START MATERIAL FOR THE TASK

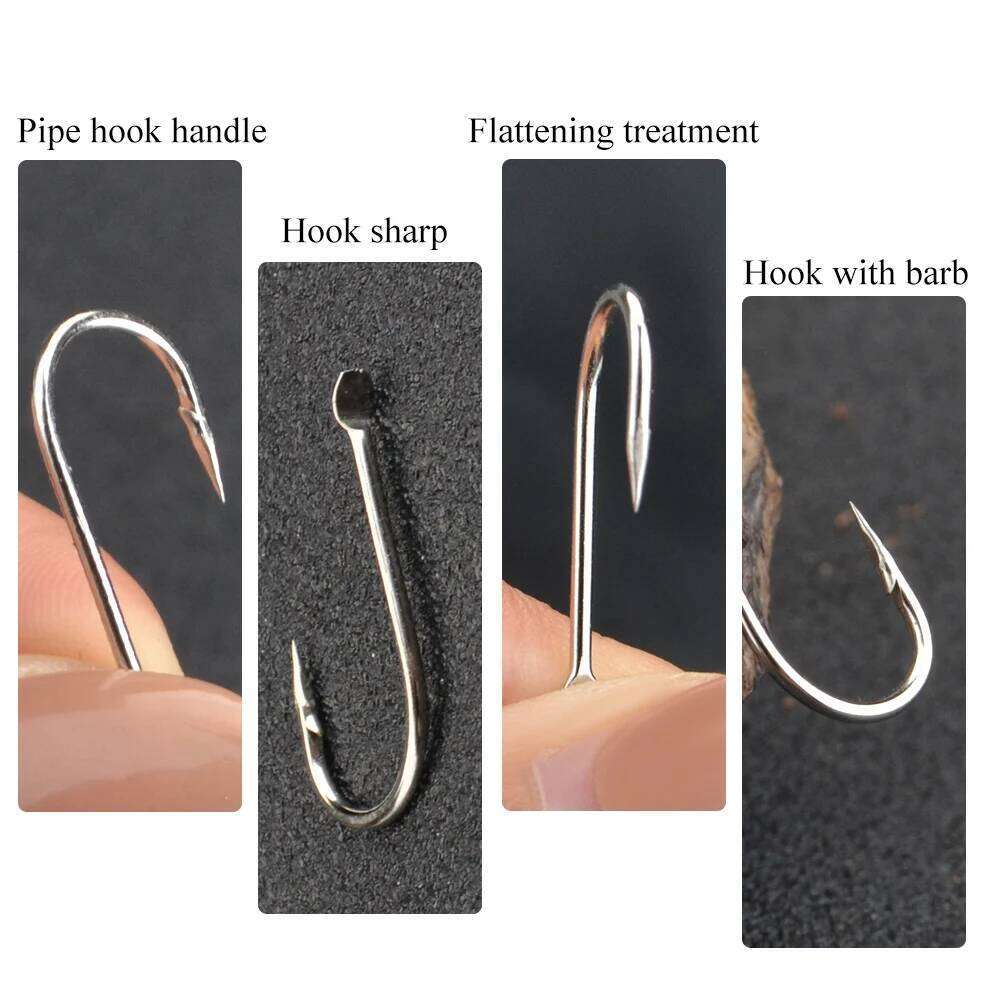 FTK Flatted Round Bent Hooks 100pcs/lot Size1#-Size10# Hook High Carbon Steel Fishhook For Fishing S260305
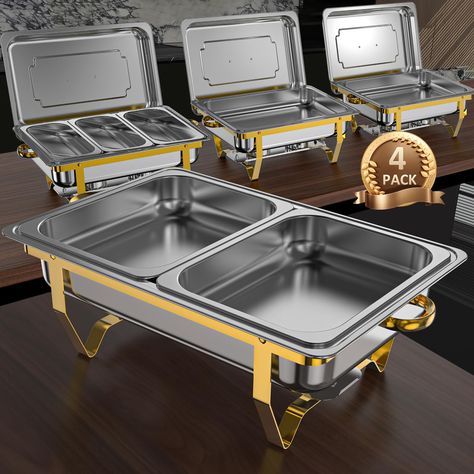 PRICES MAY VARY. HIGH QUALITY STAINLESS STEEL: Our chafing dish is made of durable stainless steel, so it can maintain temperature better. Compared with other competing products, it has more stable legs and is not easy to deform. And this chafing dish buffet set has a longer service life. DAZZLING COLOR DESIGN: The chafing dishes for buffet are meticulously designed with a striking blend of gold and silver colors that adds a touch of elegance and delicacy to your parties, leaving a deep impressi Chaffing Dishes Buffet Food Stations, Rustic Chafing Dishes, Party Buffet Table, Buffet Set Up, Buffet Stand, Dish Display, Catering Buffet, Food Buffet, Party Food Buffet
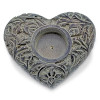 Bougeoir/brûle encens coeur en pierre ollaire gris -- 9x11 cm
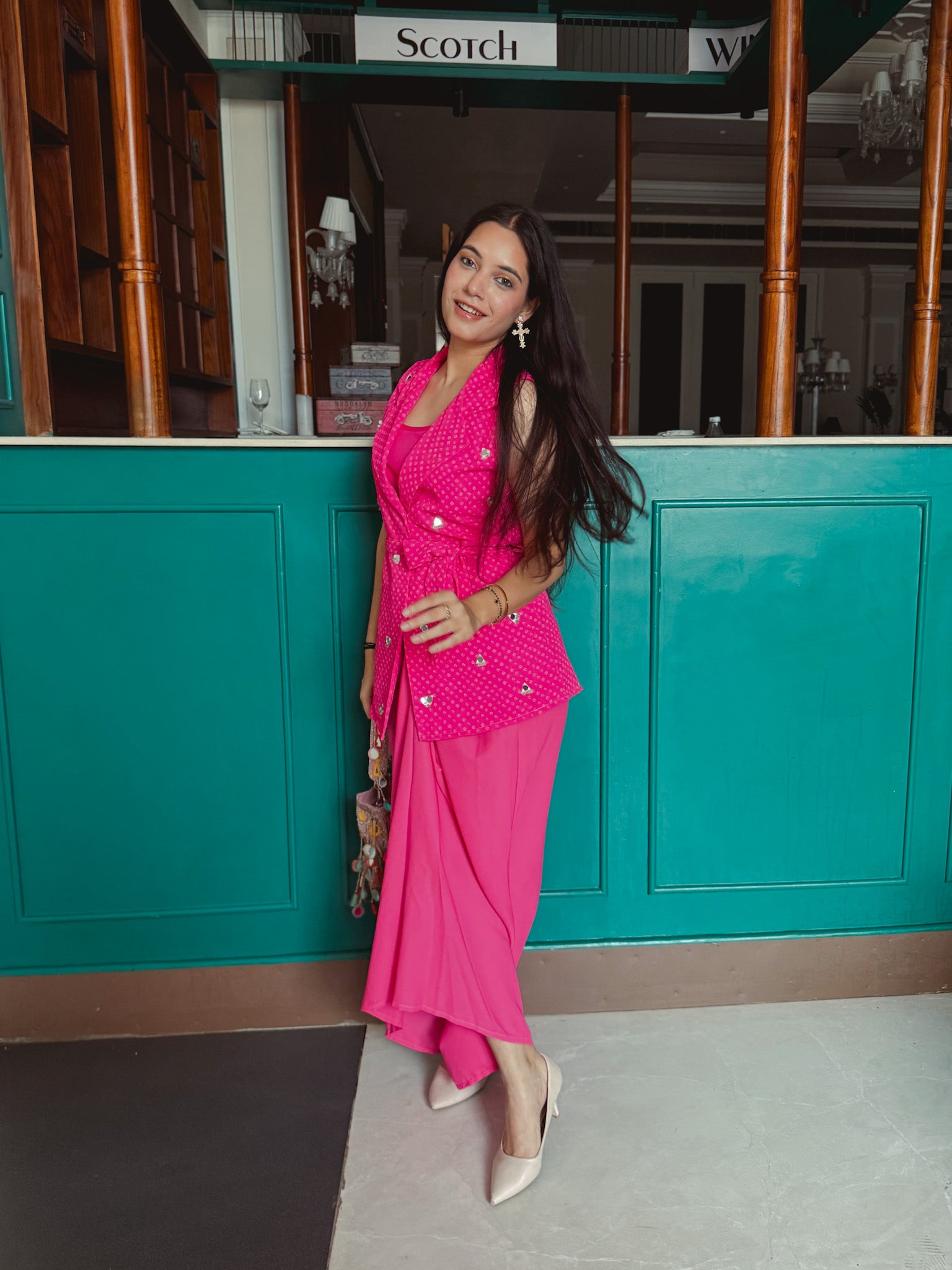 Bindu Dhoti Set in Blush Rose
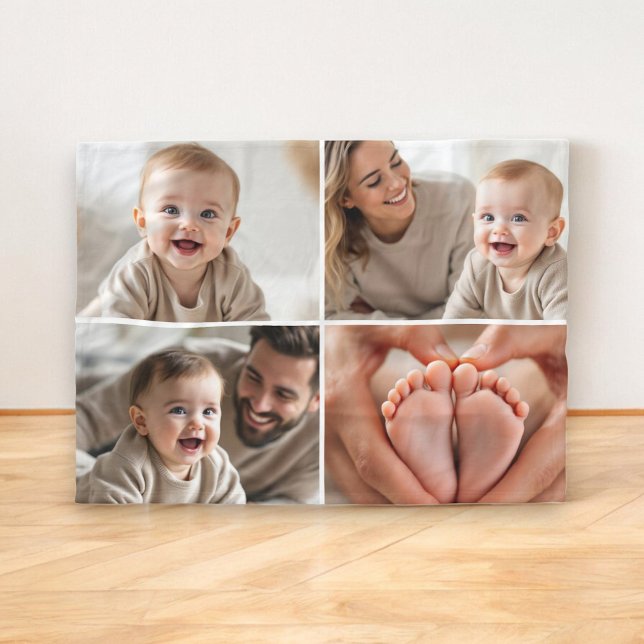 Create Your Own 4 Photo Collage Cute Baby  Fleece Blanket (Creator Uploaded)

END MATERIAL FOR THE TASK

GOAL OF THE EXERCISE →
Quote exactly, and only, the lines from the line containing "PRICES MAY VARY." through the final line of the records above, both included, omitting any pictures.

REPLY →
 PRICES MAY VARY. HIGH QUALITY STAINLESS STEEL: Our chafing dish is made of durable stainless steel, so it can maintain temperature better. Compared with other competing products, it has more stable legs and is not easy to deform. And this chafing dish buffet set has a longer service life. DAZZLING COLOR DESIGN: The chafing dishes for buffet are meticulously designed with a striking blend of gold and silver colors that adds a touch of elegance and delicacy to your parties, leaving a deep impressi Chaffing Dishes Buffet Food Stations, Rustic Chafing Dishes, Party Buffet Table, Buffet Set Up, Buffet Stand, Dish Display, Catering Buffet, Food Buffet, Party Food Buffet
 Bougeoir/brûle encens coeur en pierre ollaire gris -- 9x11 cm
 Bindu Dhoti Set in Blush Rose
 Create Your Own 4 Photo Collage Cute Baby  Fleece Blanket (Creator Uploaded)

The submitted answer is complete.